Table 3 Comparison of IRKHSM solution with other methods for Example  5.1 ( \(\pmb{\alpha=0.75}\) )

Example 5.2

We investigate the fractional Riccati differential equation as

$$\begin{aligned}& { }^{c}D_{0+}^{\alpha}u(\eta)= 1 + 2u ( \eta )-u^{2} ( \eta ), \quad 0 \leq\eta\leq T, \end{aligned}$$

(21)

$$\begin{aligned}& u ( 0 ) = 0. \end{aligned}$$

(22)

The exact solution of (21)-(22) is given as

$$ u ( \eta ) = 1 + \sqrt{2} \tanh \biggl( {\sqrt{2} \eta+ \frac{\log ( { ( { - 1 + \sqrt{2} } ) / ( {1 + \sqrt{2} } )} )}{2}} \biggr) $$

(23)

when \(\alpha=1\). Using IRKHSM for equations (21)-(22) and taking \(T=1\), \(\eta_{i} = \frac{i}{N}\), \(i = 1, 2,\ldots,N\), the numerical solution \(u_{n}^{N} ( \eta )\) is computed. The absolute errors of some methods are given in Table 4. Comparison of our result with other methods at some selected grid points for \(N = 13\), \(n = 6\), and \(\alpha=0.9\), \(\alpha=0.75\) are given in Tables 5 and 6, respectively.

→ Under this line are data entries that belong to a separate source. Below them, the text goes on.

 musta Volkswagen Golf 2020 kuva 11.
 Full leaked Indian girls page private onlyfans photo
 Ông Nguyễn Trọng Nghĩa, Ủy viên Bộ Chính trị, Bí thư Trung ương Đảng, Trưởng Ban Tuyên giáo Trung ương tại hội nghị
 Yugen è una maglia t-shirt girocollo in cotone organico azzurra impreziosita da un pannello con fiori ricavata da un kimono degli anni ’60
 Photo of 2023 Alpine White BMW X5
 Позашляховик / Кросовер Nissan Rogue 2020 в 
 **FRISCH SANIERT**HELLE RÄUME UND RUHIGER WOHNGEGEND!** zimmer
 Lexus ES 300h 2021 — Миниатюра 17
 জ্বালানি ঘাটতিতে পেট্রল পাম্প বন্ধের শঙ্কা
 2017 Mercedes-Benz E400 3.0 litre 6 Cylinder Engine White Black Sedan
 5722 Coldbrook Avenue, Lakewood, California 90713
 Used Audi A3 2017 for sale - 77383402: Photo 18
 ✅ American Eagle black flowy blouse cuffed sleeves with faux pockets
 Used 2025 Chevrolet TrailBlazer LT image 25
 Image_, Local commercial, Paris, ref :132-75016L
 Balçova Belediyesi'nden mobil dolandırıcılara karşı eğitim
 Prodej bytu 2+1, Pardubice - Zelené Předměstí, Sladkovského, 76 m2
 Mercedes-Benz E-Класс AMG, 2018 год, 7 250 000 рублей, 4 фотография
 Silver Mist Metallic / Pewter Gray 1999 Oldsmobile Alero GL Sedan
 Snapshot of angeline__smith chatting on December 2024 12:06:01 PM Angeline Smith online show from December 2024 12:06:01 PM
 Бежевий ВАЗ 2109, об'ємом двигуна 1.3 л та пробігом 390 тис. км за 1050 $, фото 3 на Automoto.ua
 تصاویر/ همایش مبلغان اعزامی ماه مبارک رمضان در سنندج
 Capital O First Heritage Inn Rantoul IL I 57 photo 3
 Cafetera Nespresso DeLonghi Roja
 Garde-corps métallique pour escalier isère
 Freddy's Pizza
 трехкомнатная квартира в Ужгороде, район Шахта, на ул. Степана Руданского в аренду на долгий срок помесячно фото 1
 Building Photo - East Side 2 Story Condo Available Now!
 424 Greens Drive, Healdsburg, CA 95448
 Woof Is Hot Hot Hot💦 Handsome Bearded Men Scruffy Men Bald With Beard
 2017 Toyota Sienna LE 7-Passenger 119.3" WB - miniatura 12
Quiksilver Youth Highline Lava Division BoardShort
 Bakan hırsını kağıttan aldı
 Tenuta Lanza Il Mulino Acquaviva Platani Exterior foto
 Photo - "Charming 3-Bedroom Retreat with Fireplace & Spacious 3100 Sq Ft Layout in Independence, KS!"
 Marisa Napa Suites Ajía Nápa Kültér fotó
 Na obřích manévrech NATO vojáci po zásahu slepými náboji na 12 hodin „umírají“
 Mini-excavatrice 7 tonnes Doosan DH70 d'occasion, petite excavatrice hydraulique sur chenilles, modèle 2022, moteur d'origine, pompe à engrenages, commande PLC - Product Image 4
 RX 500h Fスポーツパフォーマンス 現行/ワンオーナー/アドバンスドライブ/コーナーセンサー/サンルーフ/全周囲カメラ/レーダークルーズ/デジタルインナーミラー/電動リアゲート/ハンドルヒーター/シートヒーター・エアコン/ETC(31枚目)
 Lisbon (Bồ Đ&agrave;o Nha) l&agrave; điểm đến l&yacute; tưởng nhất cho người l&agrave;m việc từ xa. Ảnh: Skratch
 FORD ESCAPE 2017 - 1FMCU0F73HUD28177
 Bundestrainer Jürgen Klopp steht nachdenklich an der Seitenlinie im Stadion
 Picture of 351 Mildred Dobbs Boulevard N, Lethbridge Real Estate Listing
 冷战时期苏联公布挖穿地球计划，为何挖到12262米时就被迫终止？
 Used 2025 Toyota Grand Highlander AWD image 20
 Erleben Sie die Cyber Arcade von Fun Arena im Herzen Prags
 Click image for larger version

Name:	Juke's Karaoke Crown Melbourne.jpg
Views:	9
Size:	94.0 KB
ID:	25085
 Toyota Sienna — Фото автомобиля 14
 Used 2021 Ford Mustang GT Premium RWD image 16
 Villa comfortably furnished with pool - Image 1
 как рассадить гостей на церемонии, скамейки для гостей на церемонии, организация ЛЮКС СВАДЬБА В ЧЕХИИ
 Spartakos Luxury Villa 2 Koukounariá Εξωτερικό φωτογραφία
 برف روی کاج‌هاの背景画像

Table 4 Comparison of absolute errors for some methods for Example  5.2 ( \(\pmb{\alpha=1}\) )

Table 5 Comparison of IRKHSM solution with other methods for Example  5.2 ( \(\pmb{\alpha=0.9}\) )

Table 6 Comparison of IRKHSM solution with other methods for Example  5.2 ( \(\pmb{\alpha=0.75}\) )

Example 5.3

We solve the fractional Riccati differential equation

$$\begin{aligned}& { }^{c}D_{0+}^{\alpha}u(\eta) = \eta^{3} u^{2} ( \eta ) - 2 \eta^{4} u ( \eta ) + \eta^{5}, \end{aligned}$$

(24)

$$\begin{aligned}& u ( 0 ) = 0. \end{aligned}$$

(25)

The exact solution of (24)-(25) is given as

$$ u ( \eta ) = \eta $$

(26)

when \(\alpha=1\). Using IRKHSM for equations (24)-(25) and taking \(T=1\), \(\eta_{i} = \frac{i}{N}\), \(i = 1, 2,\ldots,N\), the numerical solution \(u_{n}^{N} ( \eta )\) is computed. Comparison of the IRKHSM solutions \(u_{3}^{4}(\eta)\) for Example 5.3 with different values of α is given in Figure 1. The absolute error of IRKHSM solution \(u_{3}^{4}(\eta)\) for Example 5.3 with \(\alpha=1\) is shown in Figure 2.

Figure 1

Comparison of the IRKHSM solutions for Example 5.3 .

Figure 2

Absolute error of IRKHSM solution for Example 5.3 .

6 Conclusion

IRKHSM were successfully implemented to get approximate solutions of the fractional Riccati differential equations. Numerical results were compared with the existing methods to prove the efficiency of the method. The IRKHSM is very powerful and accurate in obtaining approximate solutions for wide classes of the problem. The approximate solution attained by the IRKHSM is uniformly convergent. The series solution methodology can be implemented to much more complicated nonlinear equations. This method can be extended to solve the other fractional differential equations.